Dataset entries:
BEGIN
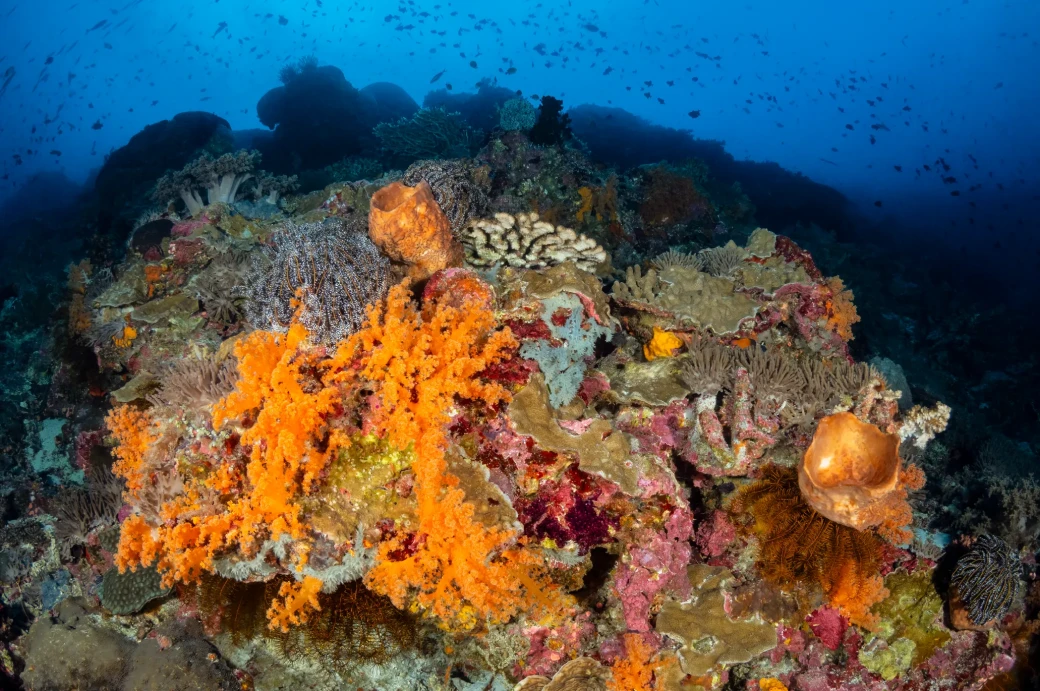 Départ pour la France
END
BEGIN
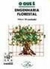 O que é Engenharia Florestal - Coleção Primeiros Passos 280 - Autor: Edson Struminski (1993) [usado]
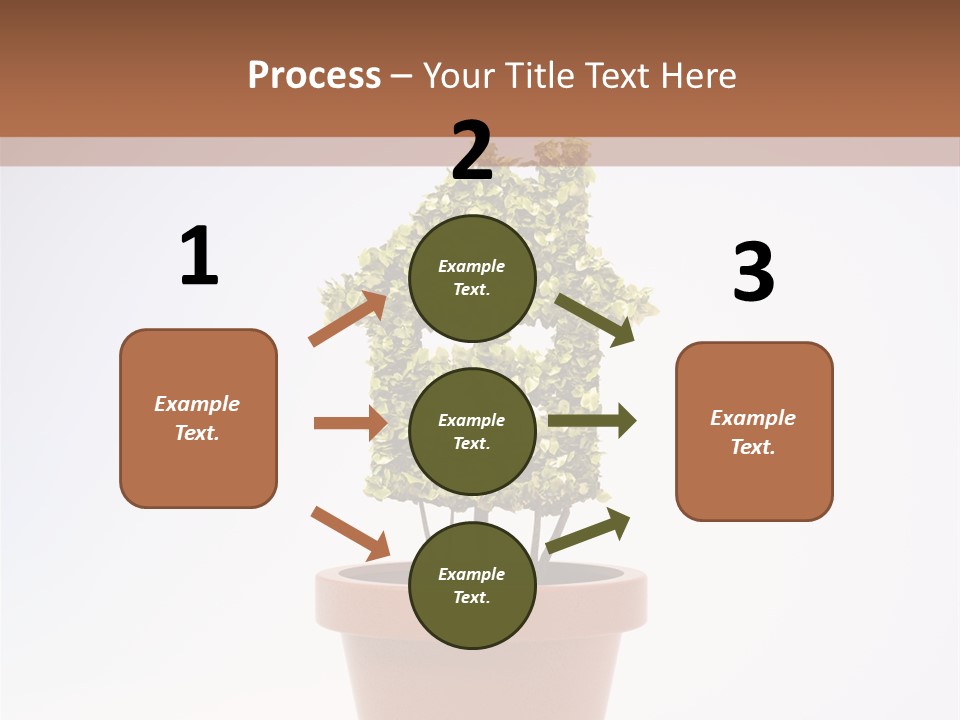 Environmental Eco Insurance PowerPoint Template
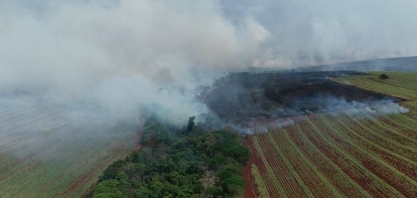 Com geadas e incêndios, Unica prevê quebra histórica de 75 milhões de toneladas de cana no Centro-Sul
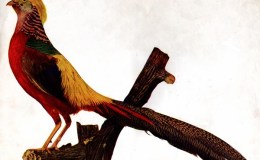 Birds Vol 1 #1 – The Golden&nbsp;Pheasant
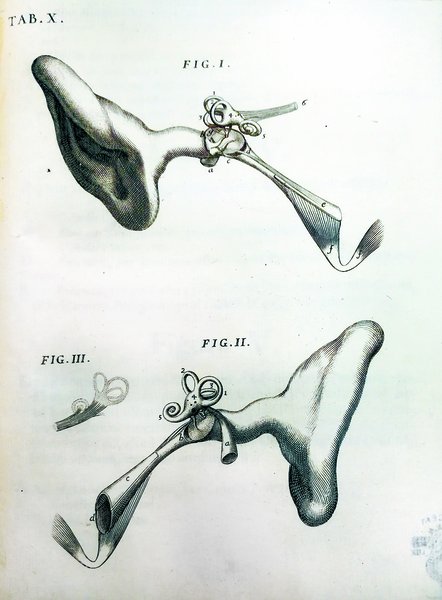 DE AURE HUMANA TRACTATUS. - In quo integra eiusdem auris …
END
Activity: Given the entries above, transcribe exactly the lines from the one holding "Environmental Eco Insurance" through the one holding "DE AURE HUMANA"; pictures do not belong in the transcription.

Your solution:
 Environmental Eco Insurance PowerPoint Template
 Com geadas e incêndios, Unica prevê quebra histórica de 75 milhões de toneladas de cana no Centro-Sul
 Birds Vol 1 #1 – The Golden&nbsp;Pheasant
 DE AURE HUMANA TRACTATUS. - In quo integra eiusdem auris …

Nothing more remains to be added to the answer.